Other changes include increasing the State Pension, Maternity Allowance, most benefits for the additional cost of a disability and for carers, ensuring the government is supporting the most vulnerable.
The Secretary of State for Work and Pensions, Amber Rudd, said:
“Our benefits system must be an ally of the people it serves, ensuring we are supporting the most vulnerable and that work always pays.
“That’s why we’re bringing in a number of changes to put more money in people’s pockets, while protecting families, pensioners and disabled people. Our reforms are creating a fair compassionate society where everyone can reach their full potential, while maintaining a safety net for those who need it.”
Access to Work cap increase
People will now be able to claim up to an extra £2,000 a year to help pay for additional support that they may need in the workplace through the government’s Access to Work scheme, meaning the maximum annual grant is £59,200.
Access for Work can cover workplace adaptations, assistive technology, transport and interpreters.
Automatic enrolment into a workplace pension
To help workers to save for their future, the automatic enrolment pension contribution rates will increase from 5% to 8% on 6 April 2019.
Automatic enrolment was created to help people with their long-term pension savings and works by requiring employers to enroll all eligible staff into a workplace pension.
More than 10 million people are newly saving or saving more and the increase in minimum contribution rates will build on this success.

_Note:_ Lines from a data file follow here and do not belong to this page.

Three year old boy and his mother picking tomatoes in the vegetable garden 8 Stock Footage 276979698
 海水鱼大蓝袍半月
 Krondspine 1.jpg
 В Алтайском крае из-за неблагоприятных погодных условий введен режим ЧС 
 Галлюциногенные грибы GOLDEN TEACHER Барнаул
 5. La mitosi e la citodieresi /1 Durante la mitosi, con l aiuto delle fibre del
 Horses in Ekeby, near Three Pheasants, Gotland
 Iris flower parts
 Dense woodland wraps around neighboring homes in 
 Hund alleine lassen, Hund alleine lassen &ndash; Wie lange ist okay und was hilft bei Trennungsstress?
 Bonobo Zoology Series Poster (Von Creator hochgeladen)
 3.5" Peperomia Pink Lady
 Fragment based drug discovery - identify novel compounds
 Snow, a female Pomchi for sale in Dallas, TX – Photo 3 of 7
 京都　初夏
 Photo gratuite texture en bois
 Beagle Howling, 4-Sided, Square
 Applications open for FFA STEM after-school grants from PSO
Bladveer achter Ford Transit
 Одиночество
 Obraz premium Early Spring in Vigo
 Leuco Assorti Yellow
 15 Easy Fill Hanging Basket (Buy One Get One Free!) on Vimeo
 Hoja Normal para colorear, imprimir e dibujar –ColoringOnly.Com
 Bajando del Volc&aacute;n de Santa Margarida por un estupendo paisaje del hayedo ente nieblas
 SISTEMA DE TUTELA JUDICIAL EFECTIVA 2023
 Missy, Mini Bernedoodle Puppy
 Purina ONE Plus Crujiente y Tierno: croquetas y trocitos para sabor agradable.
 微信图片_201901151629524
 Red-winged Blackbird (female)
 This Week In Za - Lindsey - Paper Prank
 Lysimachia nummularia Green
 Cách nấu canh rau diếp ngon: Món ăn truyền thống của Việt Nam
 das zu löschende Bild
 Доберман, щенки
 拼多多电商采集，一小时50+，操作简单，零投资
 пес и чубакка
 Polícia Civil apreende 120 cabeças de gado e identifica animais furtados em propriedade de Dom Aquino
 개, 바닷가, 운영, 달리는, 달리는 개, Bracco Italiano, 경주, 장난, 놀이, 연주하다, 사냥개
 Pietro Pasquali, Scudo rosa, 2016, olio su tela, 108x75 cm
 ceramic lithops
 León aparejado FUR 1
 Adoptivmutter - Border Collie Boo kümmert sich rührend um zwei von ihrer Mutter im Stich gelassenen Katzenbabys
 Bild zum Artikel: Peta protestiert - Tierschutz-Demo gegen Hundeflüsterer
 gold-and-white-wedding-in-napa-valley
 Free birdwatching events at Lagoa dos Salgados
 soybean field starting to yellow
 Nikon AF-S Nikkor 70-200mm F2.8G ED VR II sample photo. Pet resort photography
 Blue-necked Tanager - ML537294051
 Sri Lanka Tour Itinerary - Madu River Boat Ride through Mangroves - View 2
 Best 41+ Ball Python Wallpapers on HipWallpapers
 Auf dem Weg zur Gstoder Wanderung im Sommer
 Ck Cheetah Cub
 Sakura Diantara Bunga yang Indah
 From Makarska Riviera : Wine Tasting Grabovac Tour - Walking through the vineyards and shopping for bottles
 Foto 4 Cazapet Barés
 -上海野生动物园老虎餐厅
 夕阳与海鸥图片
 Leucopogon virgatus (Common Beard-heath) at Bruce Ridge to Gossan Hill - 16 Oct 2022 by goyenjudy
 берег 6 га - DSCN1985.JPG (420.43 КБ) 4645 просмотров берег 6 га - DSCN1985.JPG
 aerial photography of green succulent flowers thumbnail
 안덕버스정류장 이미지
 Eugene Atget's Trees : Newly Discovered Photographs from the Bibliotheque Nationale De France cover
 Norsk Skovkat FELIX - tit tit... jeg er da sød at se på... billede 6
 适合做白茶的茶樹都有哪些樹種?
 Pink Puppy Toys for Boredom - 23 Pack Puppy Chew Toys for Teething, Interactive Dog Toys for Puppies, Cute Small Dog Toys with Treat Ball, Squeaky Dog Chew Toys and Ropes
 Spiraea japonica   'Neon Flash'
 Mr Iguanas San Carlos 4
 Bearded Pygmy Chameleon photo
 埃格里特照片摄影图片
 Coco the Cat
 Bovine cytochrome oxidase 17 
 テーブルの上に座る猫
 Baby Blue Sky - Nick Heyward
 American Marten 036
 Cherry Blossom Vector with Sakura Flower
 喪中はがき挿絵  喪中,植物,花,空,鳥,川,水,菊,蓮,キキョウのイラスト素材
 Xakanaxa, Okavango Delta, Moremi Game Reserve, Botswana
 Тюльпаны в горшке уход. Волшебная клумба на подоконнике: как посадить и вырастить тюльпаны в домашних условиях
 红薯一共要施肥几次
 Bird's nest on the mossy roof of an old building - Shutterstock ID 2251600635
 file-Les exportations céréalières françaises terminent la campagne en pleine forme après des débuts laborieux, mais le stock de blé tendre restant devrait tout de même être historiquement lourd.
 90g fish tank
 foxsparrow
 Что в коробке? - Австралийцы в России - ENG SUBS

The State Pension will also increase in line with the ‘triple lock’. The full basic State Pension will be up by 2.6% to £129.20 a week. This means that the Government will have raised the full basic State Pension by £1,640 a year since 2010.
The full rate of the new State Pension will also increase by 2.6%, to £168.60 a week.
Universal Credit Work Allowances
The amount which families with children and disabled people can earn before their Universal Credit is gradually reduced (work allowances) will increase, meaning that people can earn an extra £1,000 a year before their Universal Credit starts to reduce.
This change will see 2.4 million families keep up to an extra £630 per year of what they earn.
Maternity Allowance may be paid to people who do not qualify for Statutory Maternity Pay. It can be claimed from the 26th week of pregnancy, and payments can start up to 11 weeks before the baby is due. Maternity Allowance will increase to £148.68 per week from £145.18.
Other changes coming into effect in April
Disability and carers’ benefit rates
Most of the benefits for the additional costs of disability and for carers have been increased by 2.4% in line with prices from 8 April.
The main rates for most working-age benefits in addition to Child Benefit, and certain elements of Working Tax Credit and Child Tax Credit, will remain the same.
This is the final year of the 4 year benefit freeze announced at Summer Budget 2015.
National living Wage
The National Living Wage will increase by almost 5% to £8.21 per hour, benefiting 1.8 million workers from April.
Full–time workers earning National Living Wage will receive an additional £690 over the year and be more than £2,750 better off compared to 2015, when the rate was first announced.